Dev langsung menatap suaminya, tapi melihat kebanggaan dan kebahagiaan yang terpancar di kedua mata suaminya, Dev hanya mengangguk dan mengiyakan nama yang diberikan Yudha.


"Kamu tu aneh, masak kasih nama bayi kok sedikitpun tidak minta masukan pada orang yang telah melahirkannya. Besok kamu tidak boleh begitu lho Ren." protes Bianca sambil menggelendot manja pada Reno.


"Kan anak kita laki-laki Bianca. Kalau anak kita perempuan, maka aku yang akan memberinya nama. Tapi kalau laki-laki, Daddy nya yang harus memberi nama. Aku suka kok nama yang diberikan Daddy nya untuk bayi-bayi kami." ucap Dev yang selalu menyelamatkan suaminya.


Melihat istrinya patuh, lagi-lagi Yudha memberikan kecupan lembut, dan kali ini memberikan kecupan sekilas di bibir istrinya.


"Ihhh....., kak Yudha mesum." teriak Bianca sambil menyembunyikan mukanya di dada Reno.


"Mesum apa, kami pasangan halal. Sedangkan lihat kamu yang mempermalukan om Andrew. Bukan muhrim, dari tadi menempel kayak perangko sama laki-laki." ucap Yudha yang seperti menampar muka Reno, dan menjadikan mukanya merah padam.


"Doakan kami ya pak Yudha, dalam waktu dekat kami juga akan segera melangsungkan akad nikah." kata Reno yang langsung mengagetkan Bianca dan Andrew.


"Benarkah Ren," tanya Bianca lirih sambil menatap mata Reno.


Reno mengangguk mantap, kemudian tiba-tiba Reno duduk di lantai melipat kedua lututnya dan memegang tangan Bianca.


"Bianca..., maukah kamu menikah denganku." tanya Reno mantap sambil menatap mata kekasihnya.


Dengan rasa tak percaya Bianca menganggukkan kepala.


"Aku bersedia Ren," jawabnya lirih.


Setelah mendengar jawaban Bianca, Reno bersimpuh di kaki Andrew.


"Om.., aku memohon Bianca untuk aku nikahi om. Bolehkah." tanya Reno dengan suara tercekat.
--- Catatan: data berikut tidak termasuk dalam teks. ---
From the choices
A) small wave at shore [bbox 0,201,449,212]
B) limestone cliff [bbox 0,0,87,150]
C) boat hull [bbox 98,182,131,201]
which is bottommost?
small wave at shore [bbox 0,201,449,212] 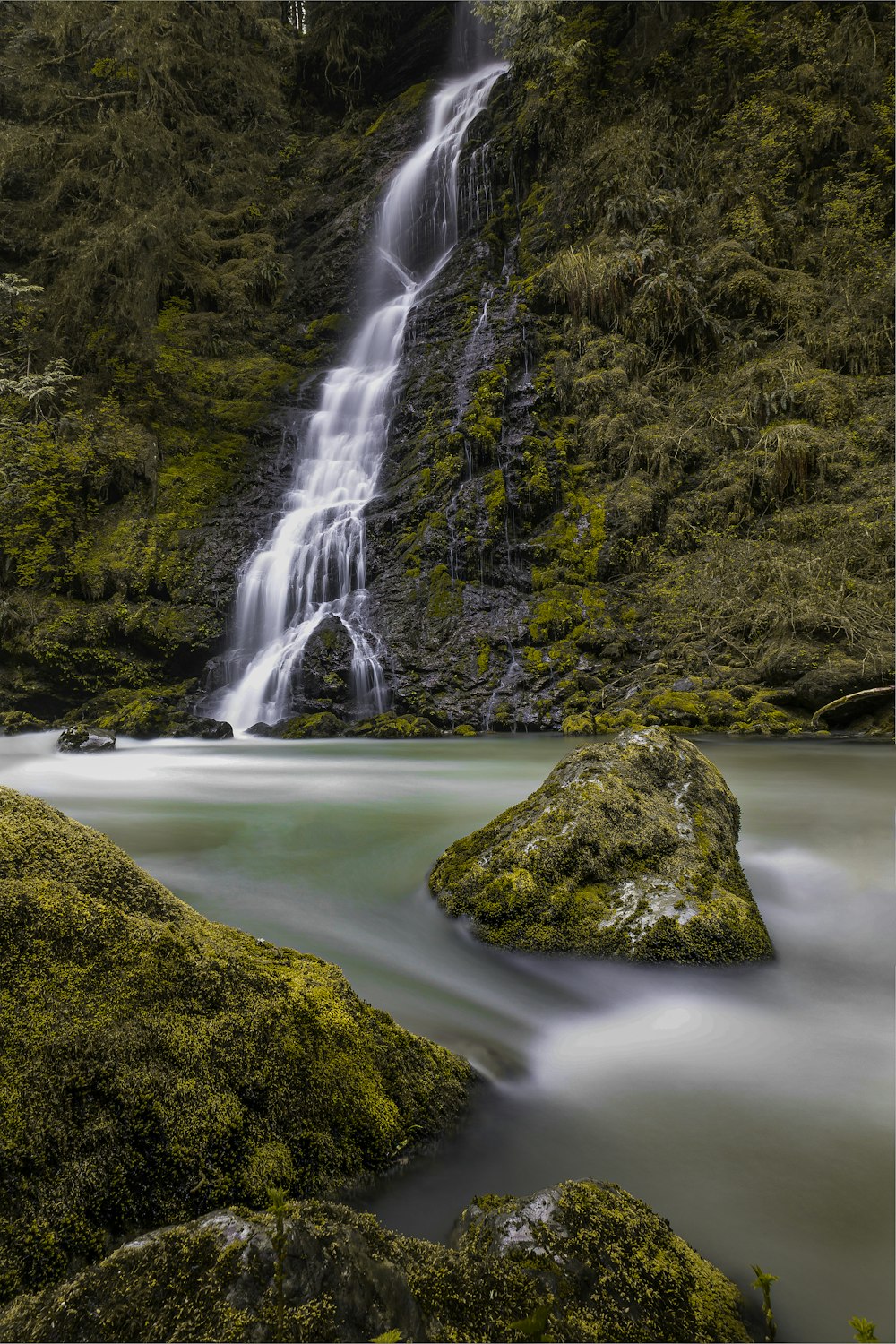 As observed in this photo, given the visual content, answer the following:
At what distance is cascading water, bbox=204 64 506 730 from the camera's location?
1120cm

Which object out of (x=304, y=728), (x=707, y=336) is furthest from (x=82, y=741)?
(x=707, y=336)

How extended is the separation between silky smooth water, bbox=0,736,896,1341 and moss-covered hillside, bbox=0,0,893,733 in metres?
4.71

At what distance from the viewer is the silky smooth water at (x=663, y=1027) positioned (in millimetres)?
1685

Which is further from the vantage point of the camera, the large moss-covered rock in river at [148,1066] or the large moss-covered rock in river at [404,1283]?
the large moss-covered rock in river at [148,1066]

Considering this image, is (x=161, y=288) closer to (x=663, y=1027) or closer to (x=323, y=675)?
(x=323, y=675)

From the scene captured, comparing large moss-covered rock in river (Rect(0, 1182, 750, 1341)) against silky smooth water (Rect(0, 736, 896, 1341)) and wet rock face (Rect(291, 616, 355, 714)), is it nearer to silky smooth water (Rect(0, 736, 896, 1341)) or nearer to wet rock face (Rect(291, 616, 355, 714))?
silky smooth water (Rect(0, 736, 896, 1341))

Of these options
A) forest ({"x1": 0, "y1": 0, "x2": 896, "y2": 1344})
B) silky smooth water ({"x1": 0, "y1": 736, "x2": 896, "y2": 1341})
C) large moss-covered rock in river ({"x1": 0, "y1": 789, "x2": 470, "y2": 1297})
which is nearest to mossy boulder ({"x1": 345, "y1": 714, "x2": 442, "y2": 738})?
forest ({"x1": 0, "y1": 0, "x2": 896, "y2": 1344})

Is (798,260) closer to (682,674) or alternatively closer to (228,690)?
(682,674)

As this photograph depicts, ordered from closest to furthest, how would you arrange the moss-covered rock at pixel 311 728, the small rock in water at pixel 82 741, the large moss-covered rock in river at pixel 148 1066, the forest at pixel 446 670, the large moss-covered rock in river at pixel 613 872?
the large moss-covered rock in river at pixel 148 1066 → the forest at pixel 446 670 → the large moss-covered rock in river at pixel 613 872 → the small rock in water at pixel 82 741 → the moss-covered rock at pixel 311 728

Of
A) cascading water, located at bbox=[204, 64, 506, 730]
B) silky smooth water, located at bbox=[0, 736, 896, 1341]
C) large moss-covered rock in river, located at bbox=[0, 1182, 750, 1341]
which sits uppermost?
cascading water, located at bbox=[204, 64, 506, 730]

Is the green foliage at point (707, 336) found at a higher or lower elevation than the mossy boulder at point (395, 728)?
higher

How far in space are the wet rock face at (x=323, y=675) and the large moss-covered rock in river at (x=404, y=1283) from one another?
947cm

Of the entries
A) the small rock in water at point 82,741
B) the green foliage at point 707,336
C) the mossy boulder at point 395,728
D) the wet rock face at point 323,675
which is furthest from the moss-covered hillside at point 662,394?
the small rock in water at point 82,741

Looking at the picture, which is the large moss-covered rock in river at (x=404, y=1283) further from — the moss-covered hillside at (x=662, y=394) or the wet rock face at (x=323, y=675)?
Answer: the wet rock face at (x=323, y=675) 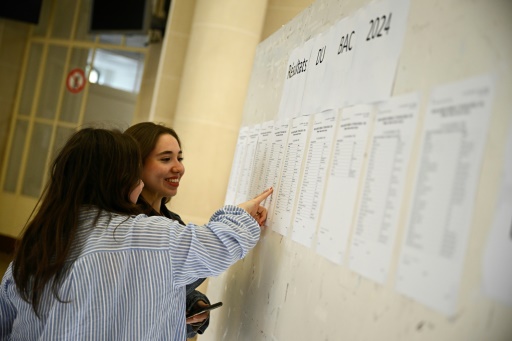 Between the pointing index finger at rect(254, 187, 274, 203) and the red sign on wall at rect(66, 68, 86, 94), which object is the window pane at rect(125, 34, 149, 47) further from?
the pointing index finger at rect(254, 187, 274, 203)

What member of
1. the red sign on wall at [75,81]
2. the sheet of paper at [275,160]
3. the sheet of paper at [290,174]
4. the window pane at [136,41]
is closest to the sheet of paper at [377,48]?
the sheet of paper at [290,174]

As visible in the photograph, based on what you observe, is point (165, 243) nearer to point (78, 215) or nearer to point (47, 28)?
point (78, 215)

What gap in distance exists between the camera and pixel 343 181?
142cm

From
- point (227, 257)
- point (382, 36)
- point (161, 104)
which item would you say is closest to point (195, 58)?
point (161, 104)

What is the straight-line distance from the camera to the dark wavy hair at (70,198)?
5.48 feet

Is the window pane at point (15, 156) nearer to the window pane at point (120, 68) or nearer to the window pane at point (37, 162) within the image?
the window pane at point (37, 162)

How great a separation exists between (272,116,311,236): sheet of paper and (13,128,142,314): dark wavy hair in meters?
0.45

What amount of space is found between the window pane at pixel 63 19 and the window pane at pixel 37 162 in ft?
3.67

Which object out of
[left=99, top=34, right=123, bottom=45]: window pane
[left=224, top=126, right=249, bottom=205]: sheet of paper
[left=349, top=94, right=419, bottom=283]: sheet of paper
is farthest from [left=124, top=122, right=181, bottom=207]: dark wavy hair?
[left=99, top=34, right=123, bottom=45]: window pane

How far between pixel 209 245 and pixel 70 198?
16.9 inches

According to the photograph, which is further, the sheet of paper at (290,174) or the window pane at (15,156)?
the window pane at (15,156)

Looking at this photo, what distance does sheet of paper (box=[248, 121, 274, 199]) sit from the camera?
2.17m

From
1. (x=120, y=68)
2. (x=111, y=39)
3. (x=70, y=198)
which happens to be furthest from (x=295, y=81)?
(x=111, y=39)

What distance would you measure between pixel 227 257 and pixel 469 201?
986 mm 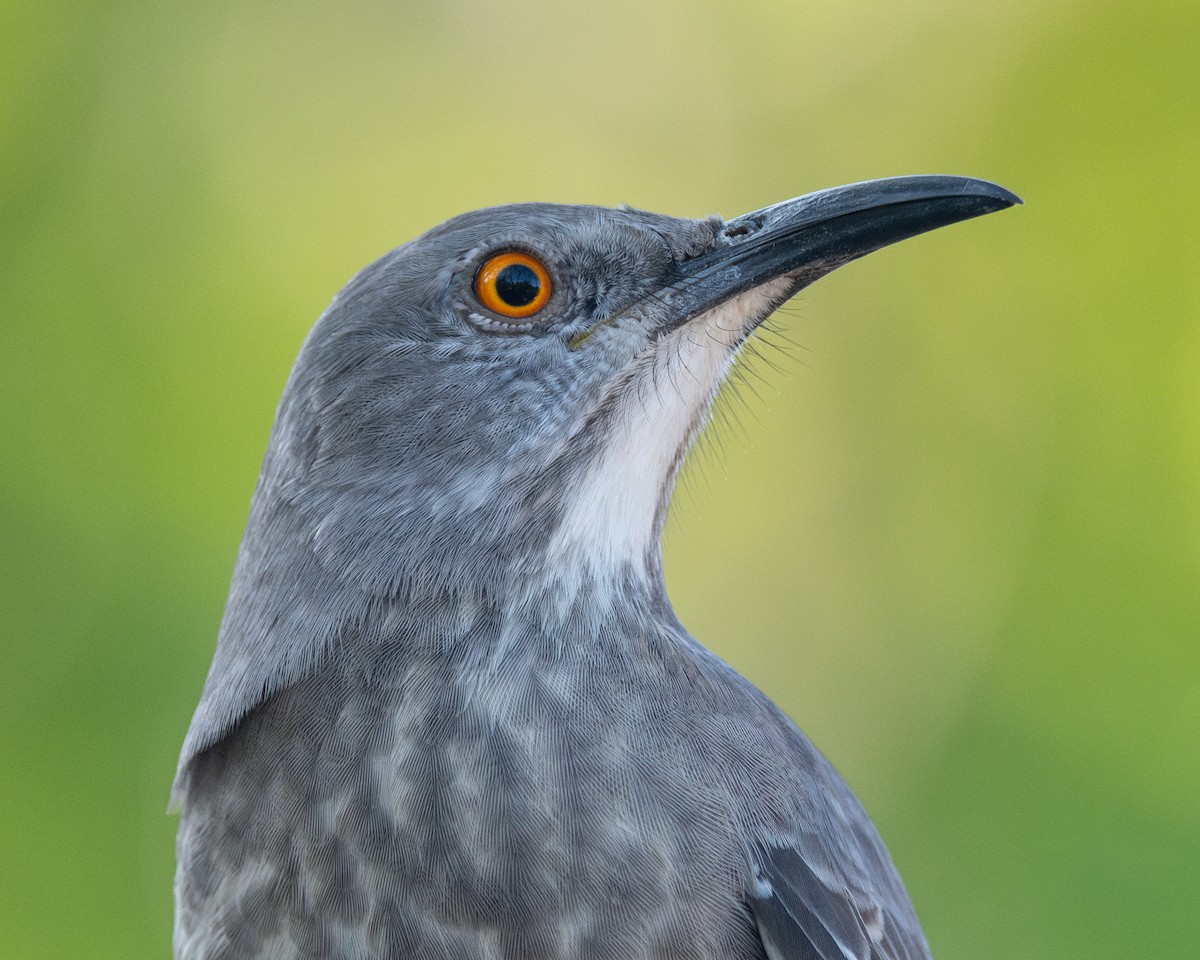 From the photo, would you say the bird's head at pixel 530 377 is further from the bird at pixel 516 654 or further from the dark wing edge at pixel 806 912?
the dark wing edge at pixel 806 912

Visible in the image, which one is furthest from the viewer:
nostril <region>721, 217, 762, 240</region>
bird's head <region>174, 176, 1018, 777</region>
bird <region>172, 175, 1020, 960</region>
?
nostril <region>721, 217, 762, 240</region>

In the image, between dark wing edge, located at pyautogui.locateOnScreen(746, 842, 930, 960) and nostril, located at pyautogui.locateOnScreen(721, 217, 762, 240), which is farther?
nostril, located at pyautogui.locateOnScreen(721, 217, 762, 240)

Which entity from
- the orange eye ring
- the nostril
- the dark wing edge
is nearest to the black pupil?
the orange eye ring

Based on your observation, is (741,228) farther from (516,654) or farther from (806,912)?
(806,912)

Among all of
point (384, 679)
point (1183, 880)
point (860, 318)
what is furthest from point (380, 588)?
point (860, 318)

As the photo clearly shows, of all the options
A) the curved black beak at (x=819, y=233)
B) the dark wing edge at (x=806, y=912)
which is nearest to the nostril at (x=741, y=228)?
the curved black beak at (x=819, y=233)

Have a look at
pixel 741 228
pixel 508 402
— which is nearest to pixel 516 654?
pixel 508 402

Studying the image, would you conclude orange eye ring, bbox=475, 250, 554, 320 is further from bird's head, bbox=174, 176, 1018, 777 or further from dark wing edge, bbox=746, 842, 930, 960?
dark wing edge, bbox=746, 842, 930, 960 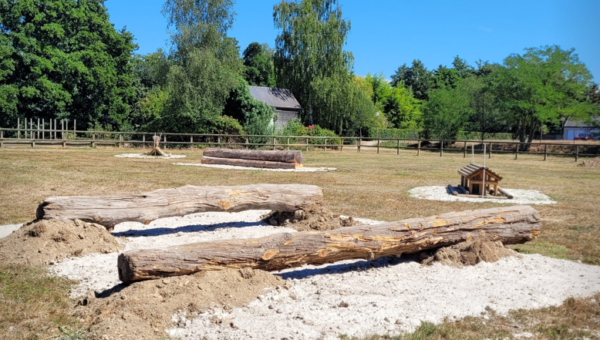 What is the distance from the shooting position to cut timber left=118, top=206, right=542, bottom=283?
510cm

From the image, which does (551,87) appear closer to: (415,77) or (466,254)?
(466,254)

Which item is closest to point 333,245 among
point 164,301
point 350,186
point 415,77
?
point 164,301

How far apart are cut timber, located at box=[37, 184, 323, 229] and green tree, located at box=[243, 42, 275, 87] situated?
6094cm

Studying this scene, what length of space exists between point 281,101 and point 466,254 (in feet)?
130

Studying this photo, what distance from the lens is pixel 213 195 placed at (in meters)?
8.06

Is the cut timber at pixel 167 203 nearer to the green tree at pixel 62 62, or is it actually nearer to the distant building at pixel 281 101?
the green tree at pixel 62 62

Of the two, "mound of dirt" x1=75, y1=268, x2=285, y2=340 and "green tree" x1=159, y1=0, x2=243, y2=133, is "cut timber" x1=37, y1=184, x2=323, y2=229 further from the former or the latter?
"green tree" x1=159, y1=0, x2=243, y2=133

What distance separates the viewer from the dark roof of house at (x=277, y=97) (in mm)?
45062

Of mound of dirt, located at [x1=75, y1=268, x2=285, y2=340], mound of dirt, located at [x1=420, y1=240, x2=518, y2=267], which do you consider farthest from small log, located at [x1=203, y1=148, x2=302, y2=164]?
mound of dirt, located at [x1=75, y1=268, x2=285, y2=340]

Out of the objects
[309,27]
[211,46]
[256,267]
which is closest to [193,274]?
[256,267]

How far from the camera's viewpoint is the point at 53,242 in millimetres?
6797

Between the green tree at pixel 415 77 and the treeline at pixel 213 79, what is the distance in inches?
1086

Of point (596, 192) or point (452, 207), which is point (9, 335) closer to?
point (452, 207)

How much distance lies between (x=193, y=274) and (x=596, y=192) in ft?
45.0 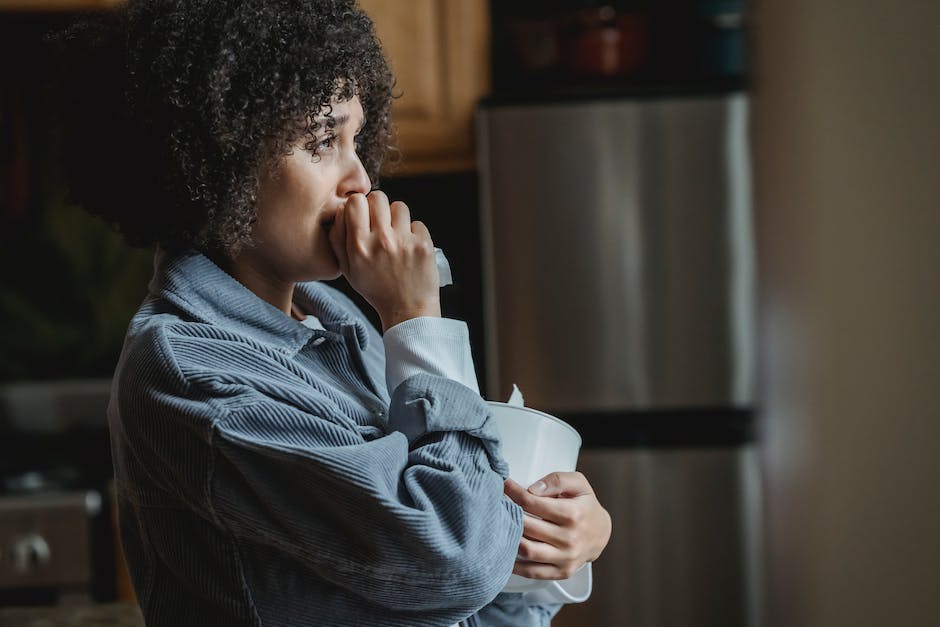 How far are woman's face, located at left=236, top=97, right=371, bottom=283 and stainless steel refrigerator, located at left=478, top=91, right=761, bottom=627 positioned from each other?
1.09 meters

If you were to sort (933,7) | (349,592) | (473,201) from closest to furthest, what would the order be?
1. (349,592)
2. (933,7)
3. (473,201)

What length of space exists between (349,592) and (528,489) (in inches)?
6.5

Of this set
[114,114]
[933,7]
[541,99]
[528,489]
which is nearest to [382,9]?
[541,99]

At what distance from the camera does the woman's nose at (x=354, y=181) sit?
83cm

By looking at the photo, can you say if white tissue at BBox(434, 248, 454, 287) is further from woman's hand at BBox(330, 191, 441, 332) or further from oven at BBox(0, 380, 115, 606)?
oven at BBox(0, 380, 115, 606)

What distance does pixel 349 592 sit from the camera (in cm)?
72

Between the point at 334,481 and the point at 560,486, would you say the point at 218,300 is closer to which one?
the point at 334,481

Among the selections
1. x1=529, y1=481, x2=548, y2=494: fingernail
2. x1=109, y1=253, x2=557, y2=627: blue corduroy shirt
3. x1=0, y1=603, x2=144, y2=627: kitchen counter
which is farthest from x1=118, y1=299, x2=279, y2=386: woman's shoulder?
x1=0, y1=603, x2=144, y2=627: kitchen counter

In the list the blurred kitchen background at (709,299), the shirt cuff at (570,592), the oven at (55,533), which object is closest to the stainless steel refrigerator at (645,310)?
the blurred kitchen background at (709,299)

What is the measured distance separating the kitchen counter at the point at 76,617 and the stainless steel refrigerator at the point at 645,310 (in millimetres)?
903

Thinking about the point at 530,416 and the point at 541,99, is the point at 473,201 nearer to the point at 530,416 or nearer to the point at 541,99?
the point at 541,99

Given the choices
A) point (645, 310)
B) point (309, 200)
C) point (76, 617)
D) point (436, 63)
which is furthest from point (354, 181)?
point (436, 63)

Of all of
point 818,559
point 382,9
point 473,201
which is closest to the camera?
point 818,559

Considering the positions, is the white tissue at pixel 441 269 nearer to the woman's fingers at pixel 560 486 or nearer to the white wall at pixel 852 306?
the woman's fingers at pixel 560 486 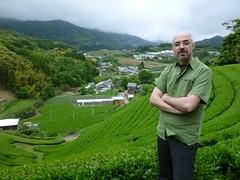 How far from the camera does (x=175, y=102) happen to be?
4.05m

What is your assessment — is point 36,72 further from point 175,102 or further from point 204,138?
point 175,102

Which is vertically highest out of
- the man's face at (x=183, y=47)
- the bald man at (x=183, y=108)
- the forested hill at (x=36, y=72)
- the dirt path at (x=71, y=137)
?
the man's face at (x=183, y=47)

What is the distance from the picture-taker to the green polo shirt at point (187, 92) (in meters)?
3.98

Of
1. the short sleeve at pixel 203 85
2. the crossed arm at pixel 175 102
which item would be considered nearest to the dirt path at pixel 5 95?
the crossed arm at pixel 175 102

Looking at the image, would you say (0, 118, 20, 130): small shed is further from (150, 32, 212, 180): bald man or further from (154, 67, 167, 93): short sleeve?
(150, 32, 212, 180): bald man

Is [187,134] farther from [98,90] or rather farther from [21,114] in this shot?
[98,90]

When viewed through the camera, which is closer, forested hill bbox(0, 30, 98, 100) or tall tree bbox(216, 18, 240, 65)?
tall tree bbox(216, 18, 240, 65)

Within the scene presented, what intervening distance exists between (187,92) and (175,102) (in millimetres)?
250

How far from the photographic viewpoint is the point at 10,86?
76.4 m

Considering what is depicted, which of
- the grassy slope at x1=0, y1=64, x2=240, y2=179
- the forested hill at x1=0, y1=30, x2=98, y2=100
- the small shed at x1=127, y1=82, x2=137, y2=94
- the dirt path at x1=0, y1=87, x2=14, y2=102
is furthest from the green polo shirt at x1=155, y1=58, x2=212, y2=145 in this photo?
the small shed at x1=127, y1=82, x2=137, y2=94

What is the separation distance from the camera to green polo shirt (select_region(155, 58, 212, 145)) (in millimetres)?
3979

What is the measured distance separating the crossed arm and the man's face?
56 centimetres

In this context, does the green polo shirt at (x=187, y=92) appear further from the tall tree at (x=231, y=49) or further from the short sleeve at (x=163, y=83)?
the tall tree at (x=231, y=49)

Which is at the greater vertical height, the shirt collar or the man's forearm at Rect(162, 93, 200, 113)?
the shirt collar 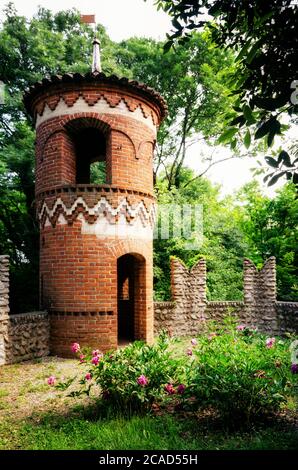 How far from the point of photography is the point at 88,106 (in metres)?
8.44

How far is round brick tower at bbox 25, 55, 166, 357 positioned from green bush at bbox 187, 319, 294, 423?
381cm

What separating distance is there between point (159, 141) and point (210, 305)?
38.5ft

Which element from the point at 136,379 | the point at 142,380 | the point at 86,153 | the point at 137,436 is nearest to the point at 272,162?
the point at 142,380

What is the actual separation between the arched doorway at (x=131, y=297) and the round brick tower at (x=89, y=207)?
0.08 meters

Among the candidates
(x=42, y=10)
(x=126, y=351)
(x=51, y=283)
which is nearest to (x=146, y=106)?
(x=51, y=283)

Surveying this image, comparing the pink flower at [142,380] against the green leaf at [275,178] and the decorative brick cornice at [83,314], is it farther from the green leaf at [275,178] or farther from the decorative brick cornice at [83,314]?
the decorative brick cornice at [83,314]

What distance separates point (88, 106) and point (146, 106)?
1.72 metres

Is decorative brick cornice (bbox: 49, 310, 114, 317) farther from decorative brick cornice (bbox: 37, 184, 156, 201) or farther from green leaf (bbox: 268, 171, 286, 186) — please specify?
green leaf (bbox: 268, 171, 286, 186)

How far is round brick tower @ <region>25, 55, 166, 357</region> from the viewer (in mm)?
8211

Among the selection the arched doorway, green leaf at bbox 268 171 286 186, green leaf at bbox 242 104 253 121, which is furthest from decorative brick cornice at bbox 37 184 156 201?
green leaf at bbox 242 104 253 121

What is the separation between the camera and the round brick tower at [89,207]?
26.9ft

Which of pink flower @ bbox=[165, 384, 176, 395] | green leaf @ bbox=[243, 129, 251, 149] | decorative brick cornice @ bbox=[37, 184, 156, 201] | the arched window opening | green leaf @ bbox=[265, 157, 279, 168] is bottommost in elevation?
pink flower @ bbox=[165, 384, 176, 395]

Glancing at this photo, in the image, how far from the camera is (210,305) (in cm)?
1212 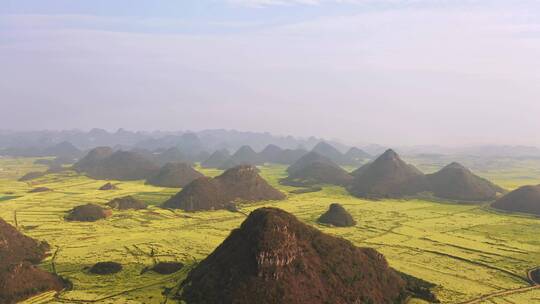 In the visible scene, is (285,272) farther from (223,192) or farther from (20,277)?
(223,192)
Tanpa menjawab, Andrew mendirikan dan menegakkan tubuh Reno agar sejajar dengannya, kemudian memeluknya erat sambil menepuk-nepuk punggungnya.


"Aku menunggu waktu ini tiba anakku, Aku merestui kalian."


Akhirnya suasana bahagia di kamar rumah sakit karena kelahiran Favian dan Zaidan berubah menjadi suasana keharuan dan bahagia karena lamaran Reno pada Bianca.